Tuesday, May 28th, 2019 (5:21 pm) - Score 3,181

Residents living on the country Benacre Estate in Suffolk (England), which spans about 7,700 acres and includes nearly 100 homes, can now access Openreach’s (BT) Gigabit capable Fibre-to-the-Premises (FTTP) broadband ISP network after local farmers mucked in to help the build.

Initially the cost of deploying FTTP across the sparse rural area would have been far too expensive (sadly no figures are given) for a commercial operator like Openreach to do itself or for the local community to afford. However the team at Benacre identified that they could make a significant cost saving by choosing to self-dig around 5km of their own network trenches.

After that the estate’s team engaged with local farmers, Openreach and the Better Broadband for Suffolk (BBS) project in order to agree a way forward. Clearly a mutually beneficial solution was found because the network is now in the process of going live.

Edward Vere Nicoll, Local Landowner, said:

“We found that we were struggling to rent out some of our properties, because the first question that most people asked was about the broadband speed. At that time, we didn’t have fibre and it was proving to be a major obstacle. I got in touch with Openreach to find out more and we quickly identified three self-dig opportunities at Benacre, around 5km in total, which would make a huge difference.

We worked really closely with local farmers to get the new infrastructure in place, including pulling armoured cable through underground ducting. You do have to be careful on farmland, but with these modern machines capable of creating a trench just a couple of feet wide, we’re able to go down to a sufficient depth around the edge of fields to make sure it’s out of harms way and not accidentally damaged in the future.

It’s fantastic that we’ve been able to bring some of the fastest broadband speeds available to this remote part of Suffolk. We used to get low single figure download speeds, but now we’re comfortably over 300 Mbps. Faster broadband is critical to the long-term prosperity of rural communities, with an ever-increasing reliance of broadband for home and work use.
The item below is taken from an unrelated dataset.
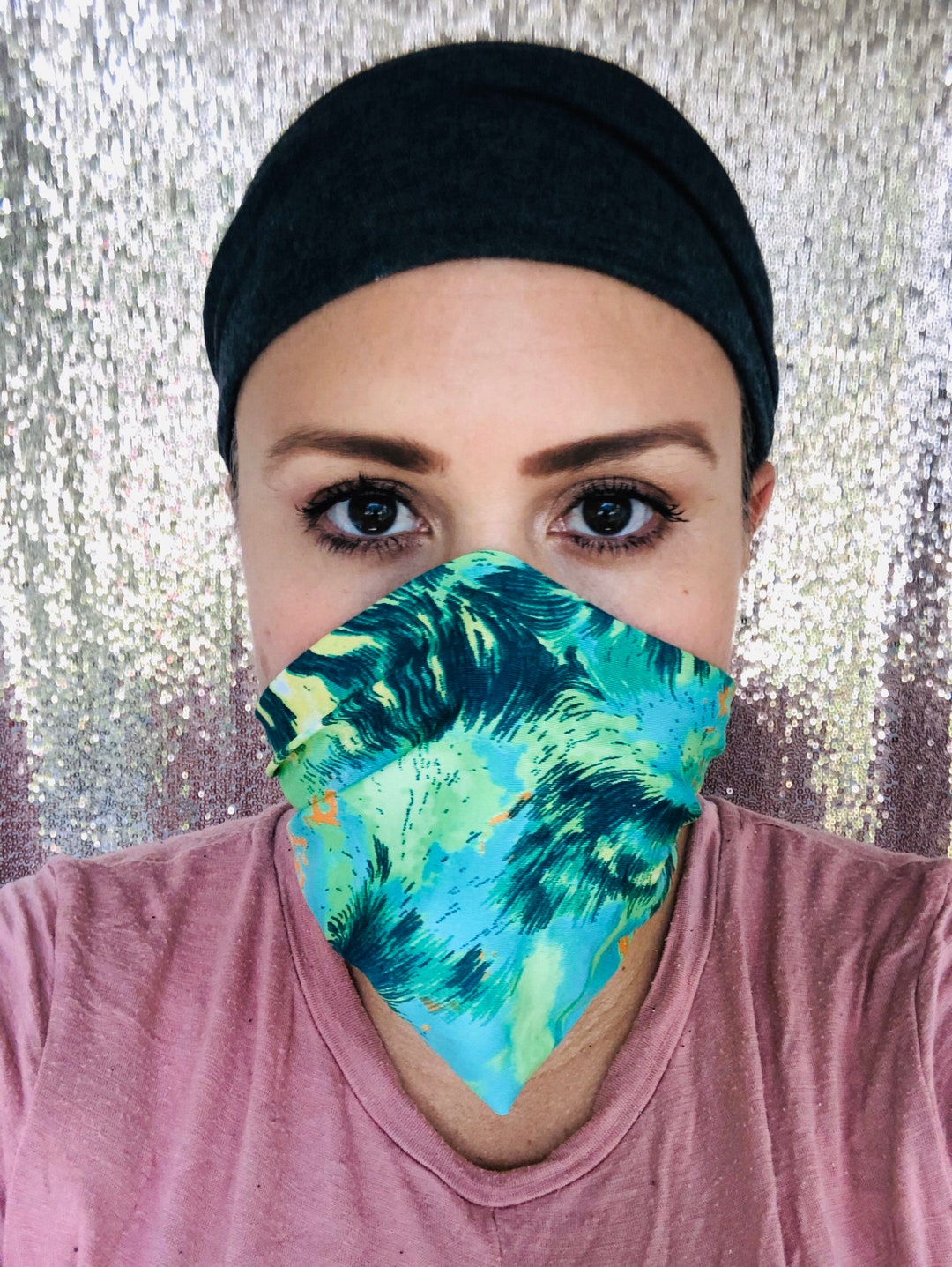 Womans Face Mask,mens Mask,ladies Face Mask,girls Mask,kids Face Mask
Self-dig is a great option for those in a position to do so.”

Until fairly recently we didn’t tend to see Openreach engaging in community self-dig projects, although gradually we are starting to spot more and more of these as the rollout of existing Building Digital UK based projects reaches into increasingly remote rural areas where even the public subsidy model can become strained (another example here and here).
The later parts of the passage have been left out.